LeetCode: 287. Find the Duplicate Number
题目描述
Given an array nums containing n + 1 integers where each integer is between 1 and n (inclusive), prove that at least one duplicate number must exist. Assume that there is only one duplicate number, find the duplicate one.
Example 1:
Input: [1,3,4,2,2]
Output: 2
Example 2:
Input: [3,1,3,4,2]
Output: 3
Note:
- You must not modify the array (assume the array is read only).
- You must use only constant, O(1) extra space.
- Your runtime complexity should be less than O(n2).
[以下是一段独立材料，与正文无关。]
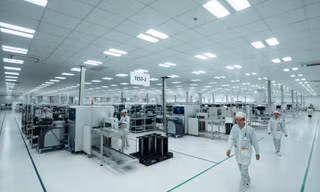 Doanh nghiệp TPHCM tìm giải pháp phát triển nhà máy thông minh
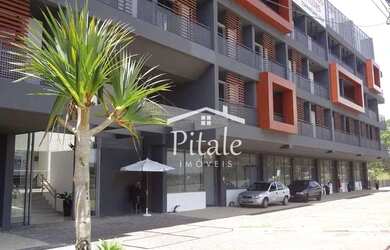 Imagem: O depósito possui 2 Vagas na garagem e 40m² de Área e está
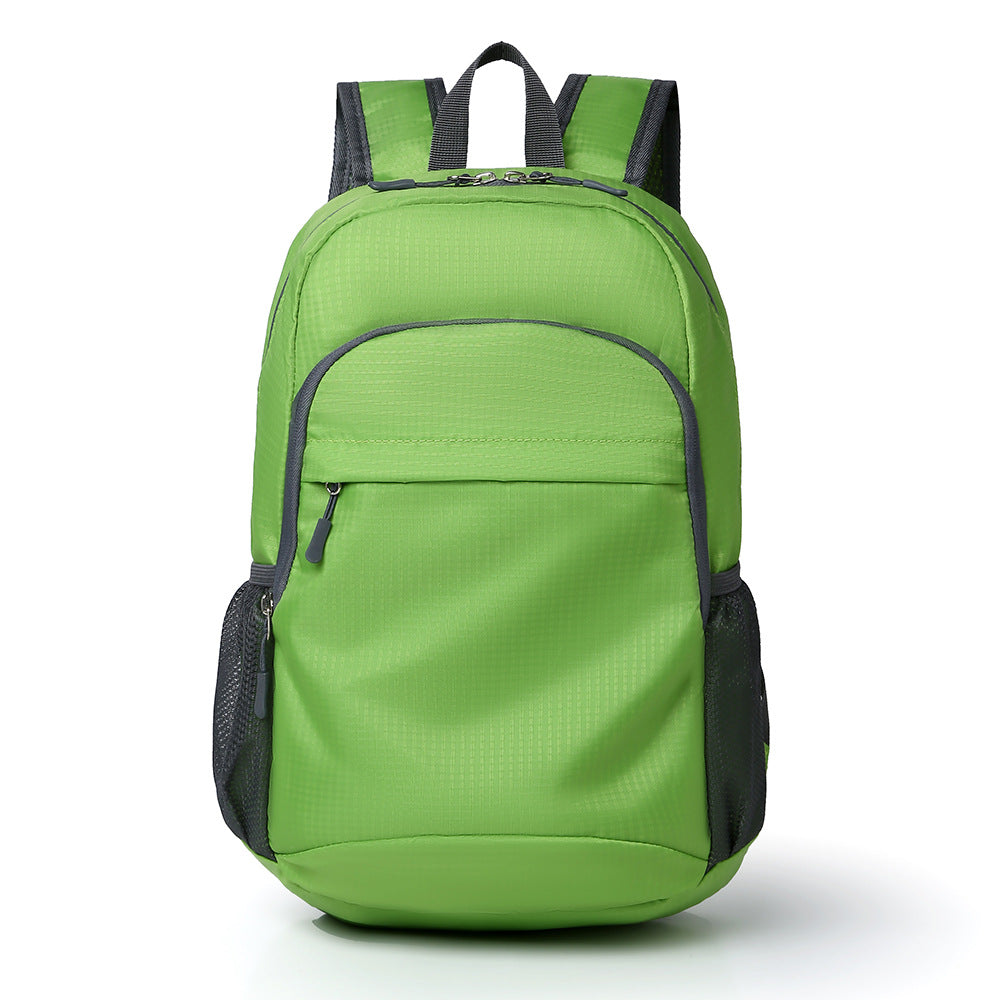 Leichter täglicher Pendler-Rucksack Brehn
- There is only one duplicate number in the array, but it could be repeated more than once.
解题思路
- 将数组的索引作为地址,存入数组的元素作为值,每个数组单元作为一个节点
- 由于不存在值为 0 的节点,因此构成的节点一定不会在首节点形成环
- 由于值中存在重复元素,因此构成的链表一定存在重复的节点指向同一个节点,构成环。(一个进入环,一个形成环)
- 环的入口即是重复元素
- 查找环入口的方式见 LeetCode: 142. Linked List Cycle II 题解
举个栗子
- 求如图数组的重复元素
- 将数组拆分成节点, 索引作为地址, 值作为 next 指针
- 将节点连接成链表
整理之后,如下图: - 环的入口 5, 即是重复元素
AC 代码
func findDuplicate(nums []int) int {
if len(nums) == 0 { return 0 }
// 找环
fast := nums[nums[0]]
slow := nums[0]
for fast != slow {
fast = nums[nums[fast]]
slow = nums[slow]
}
// 找环的入口
newSlow := 0
for newSlow != slow {
newSlow = nums[newSlow]
slow = nums[slow]
}
return slow
}